UN TUFO INDEFINIDO
"¿Qué es ese
olor?", preguntó el extranjero, frunciendo la nariz. El ingeniero alzó la
cara y aspiró el aire aún frío de la mañana. "Son las aguas negras",
respondió al cabo, "con el colapso de los drenajes, en este país tropical respiramos
mierda". El grupo siguió avanzando, y a media mañana llegaron hasta una
zona industrial en las afueras. Se detuvieron a descansar y el foráneo aspiró
hondo para oxigenar sus pulmones. "Ahora es más fuerte", exclamó como
mirando el aire aún fresco. "Con el frío invernal tenemos inversión
térmica," explicó la joven asistente, "provoca una concentración de
gases y sólidos más alta de lo que la norma permite". El visitante se
quedó pensando, y asintió como si llegara a una conclusión. Continuaron su marcha,
las edificaciones comenzaban a escasear a medida que el sol se elevaba sobre el
cielo grisáceo, e iba calentando una campiña bañada por ráfagas de un polvo
amarillento. "Aún persiste ese aroma indefinido", insistió el
extranjero cuando pararon a comer bajo unos mezquites de ramaje escuálido, que
apenas lograban cubrir del sol. "La basura se pudre a cielo abierto",
explicó el más joven de los ingenieros, "no tenemos rellenos sanitarios, mucho
menos plantas de reciclado. La gente tira sus desechos donde puede". Caminaron
toda la tarde por el llano interminable, y ya el sol se iba acostando sobre los
cerros lejanos cuando alcanzaron el promontorio que marcaba el fin de la
jornada.
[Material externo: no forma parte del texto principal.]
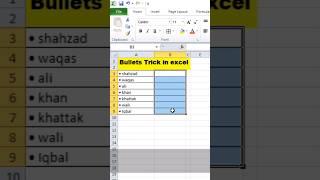 How to create Bullets in excel #shortsviral #shorts #trending #reels #youtubeshorts #exceltricks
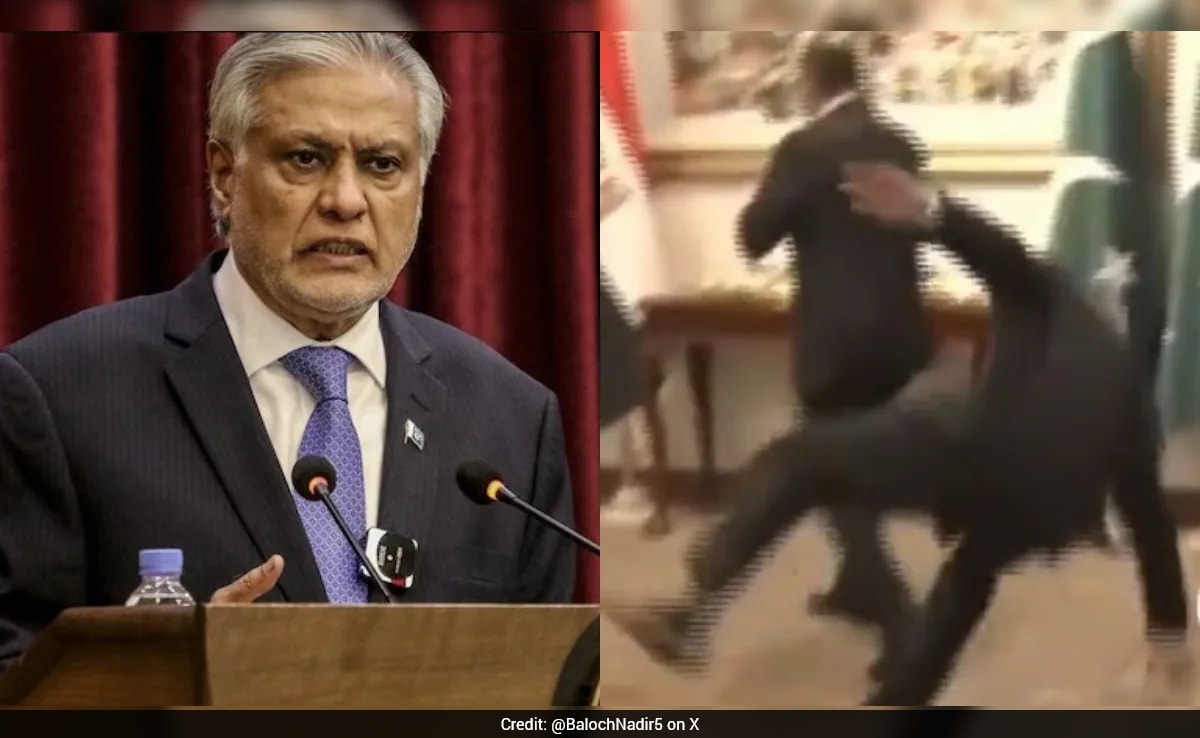 Video: Pakistan Deputy PM Ishaq Dar's Red Carpet Fall Goes Viral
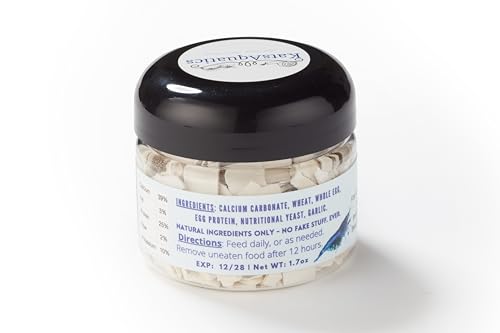 Calcium + Protein, for Strong Shells, Healthy Molts, 100% Natural, Does Not Dissolve in Water, Fast Sinking for Aquatic Shrimp, Snails, Plecos and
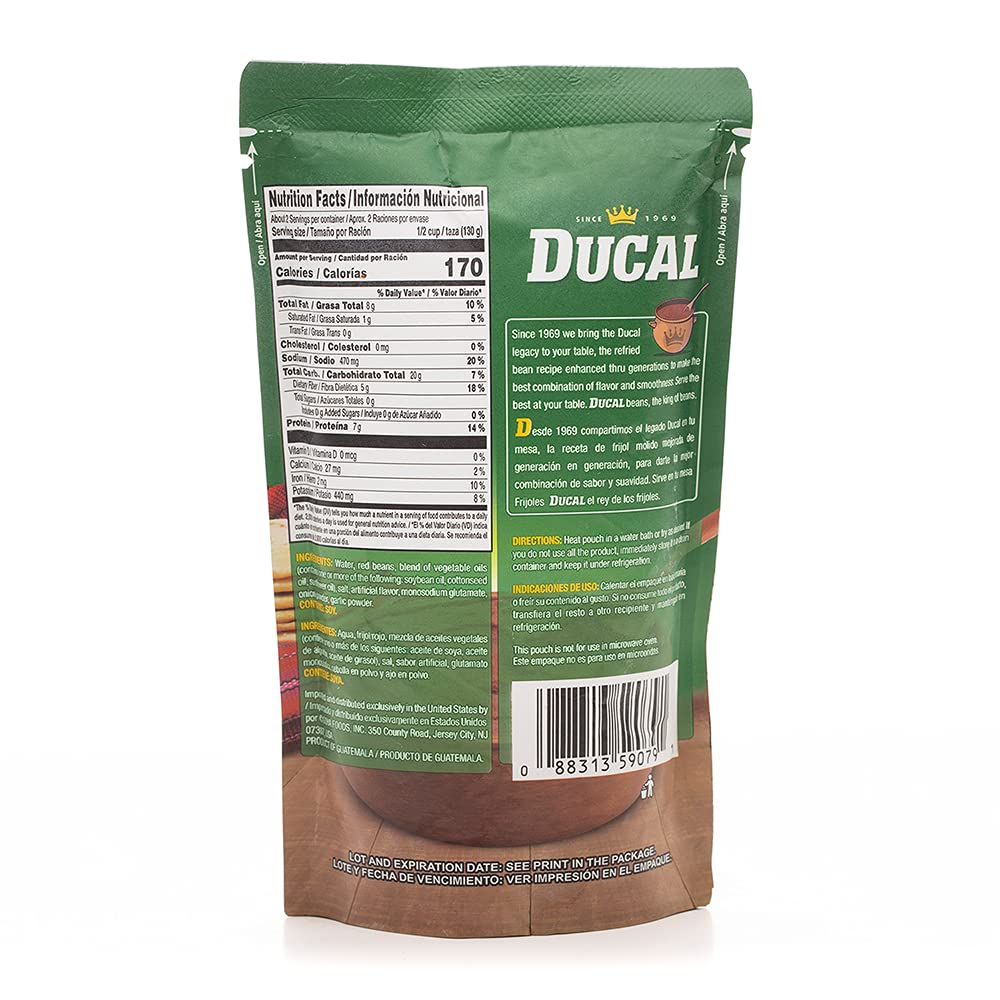 Ducal Refried Red Beans Pouch, 8 Ounce (Pack of 24) - Instant Vegetarian Refried Red Beans, Non-GMO And Gluten-Free - Excellent Source in Protein And Iron, Cholesterol Free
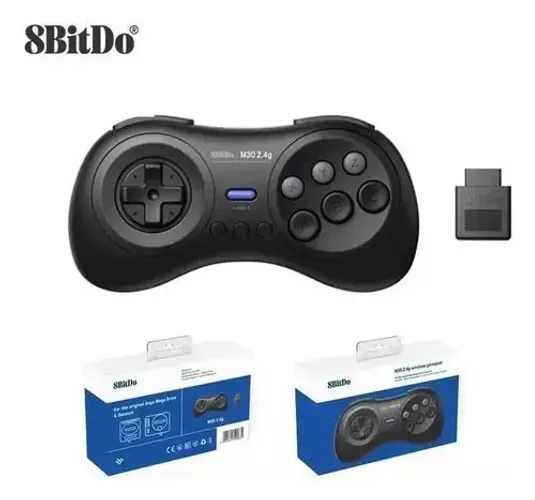 Controle sem fio para Mega Drive 8bitdo M30 + Everdrive Evergenesis V3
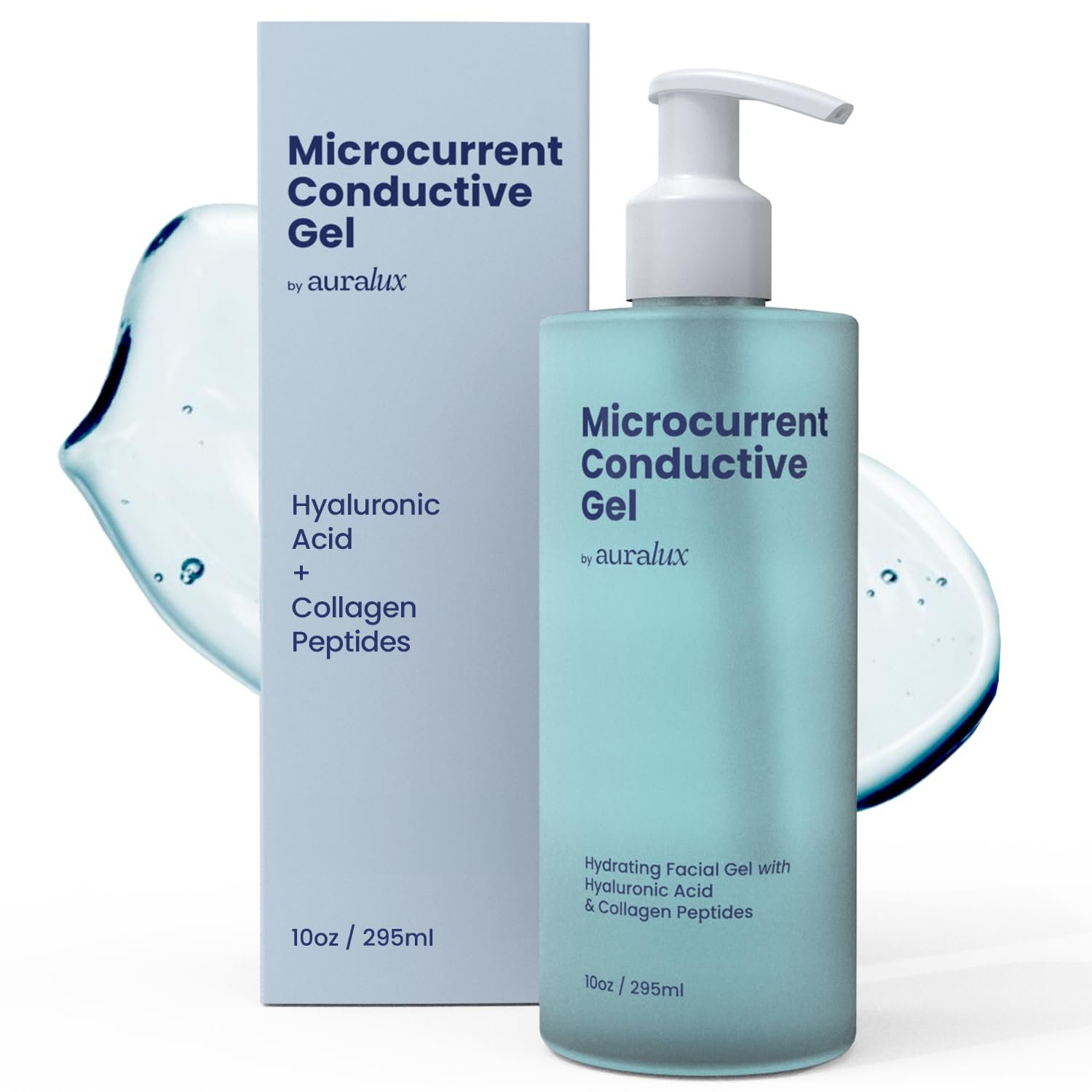 10oz Conductive Gel For Microcurrent Devices – Collagen Peptides & Hyaluronic Acid Boost Skin Radiance – Locks in Moisture for 24 Hours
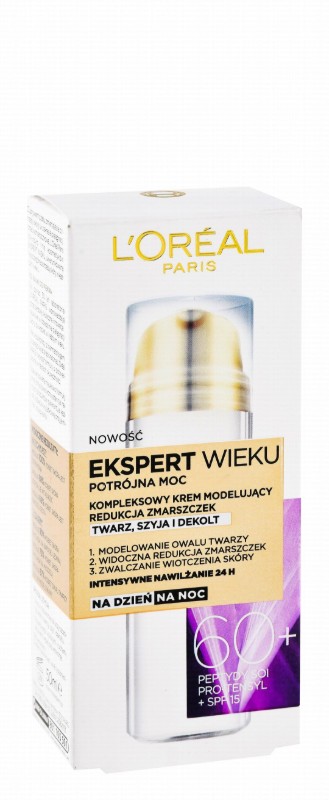 L'oreal Paris Age Expert Triple Power Wrinkle Reducing Complex Modelling Day to Night Face Cream for Face & Neck with Soy Peptides SPF15 (60+ Years)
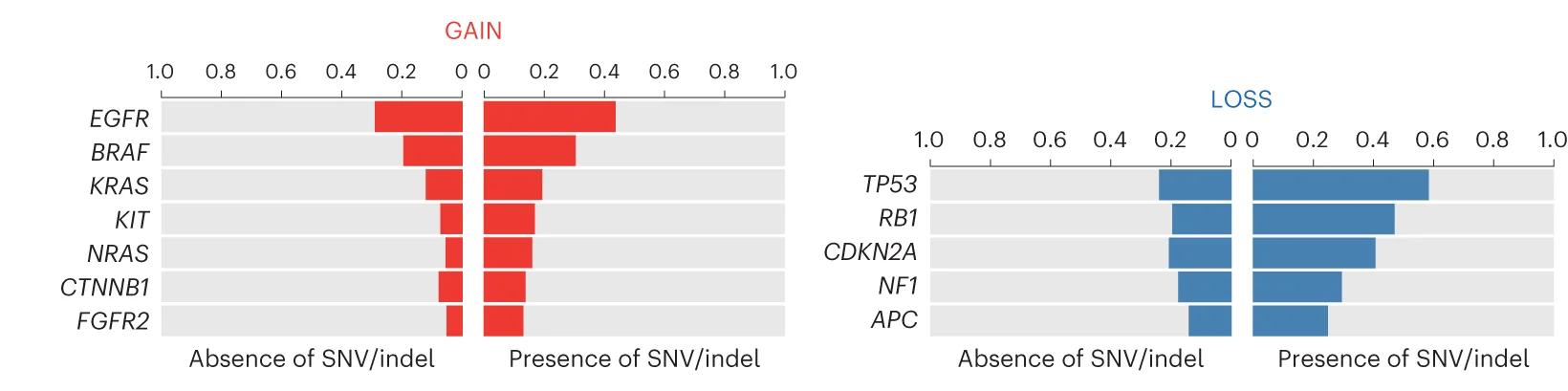 Open access visualization of Bar Plot, CNAs, Small Variants, Clinically Actionable Genes, SNV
Depositaron los equipos en el suelo y se limpiaron el sudor con las
mangas de la camisa. El extranjero se quitó el sombrero y se abanicó la cara,
marcada por surcos de polvo humedecido por la transpiración. "Pero ese
tufo indefinido", pensó en voz alta, "tiene un cierto saborcillo
agridulce". Los demás guardaron silencio, cansados de buscar una
respuesta. Pero en la tarde que declinaba se escuchó la voz del peón que
cargaba las mochilas de bastimento: "Es el olor de la carroña", dijo
sin mirar a nadie, "este país es una sepultura gigante. Respiramos la
pudrición de nuestros muertos clandestinos."